> [Exercise brief]: Exercise in exact copying: restate word for word only the lines below from the one containing "Foto de Roma, Italia" through the one containing "Lawn Cutting nearby", omitting any pictures.

> [Entries supplied]:

+ + + + + + +

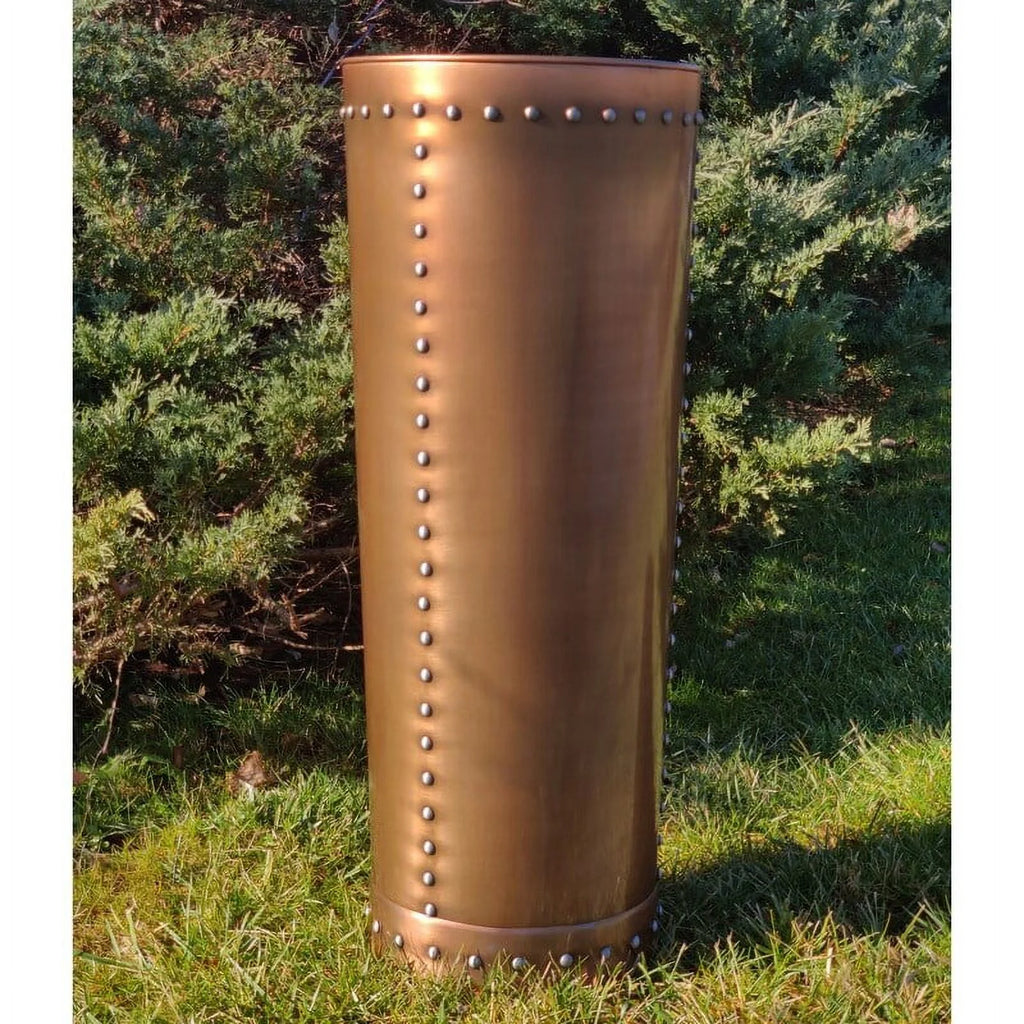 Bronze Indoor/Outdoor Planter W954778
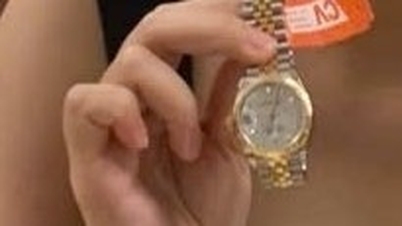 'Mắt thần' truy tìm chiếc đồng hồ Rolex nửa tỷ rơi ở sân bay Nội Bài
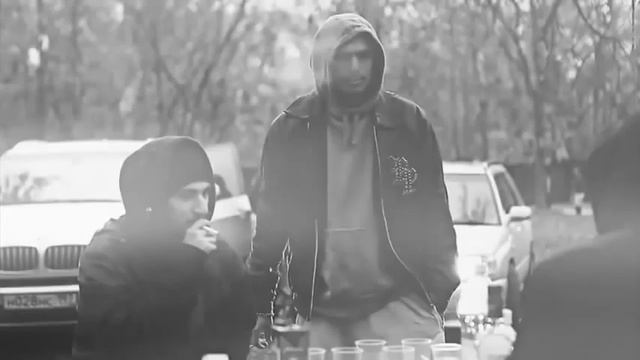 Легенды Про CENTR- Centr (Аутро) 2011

+ + + + + + +

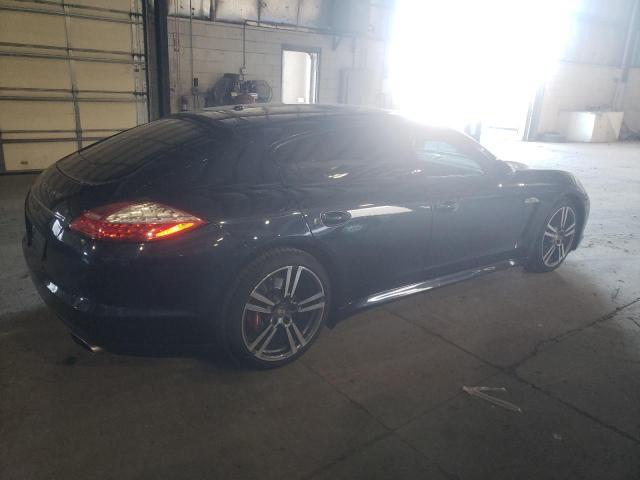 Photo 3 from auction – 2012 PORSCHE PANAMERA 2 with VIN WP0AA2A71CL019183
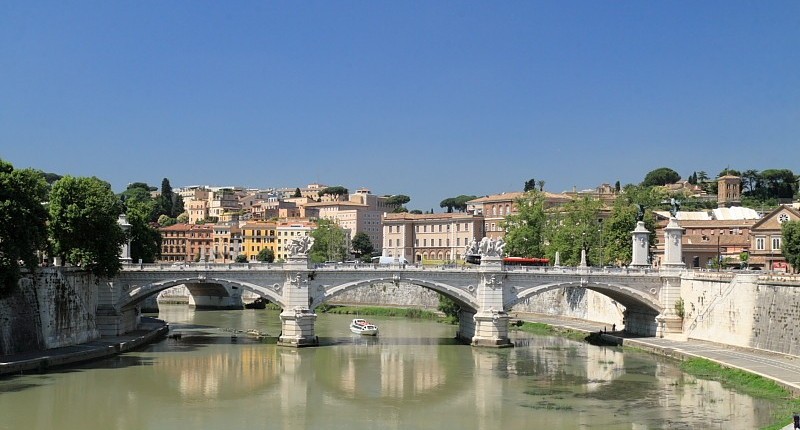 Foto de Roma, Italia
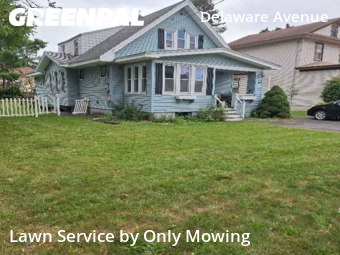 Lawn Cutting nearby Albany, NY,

+ + + + + + +

> [The answer]:
 Foto de Roma, Italia
 Lawn Cutting nearby Albany, NY,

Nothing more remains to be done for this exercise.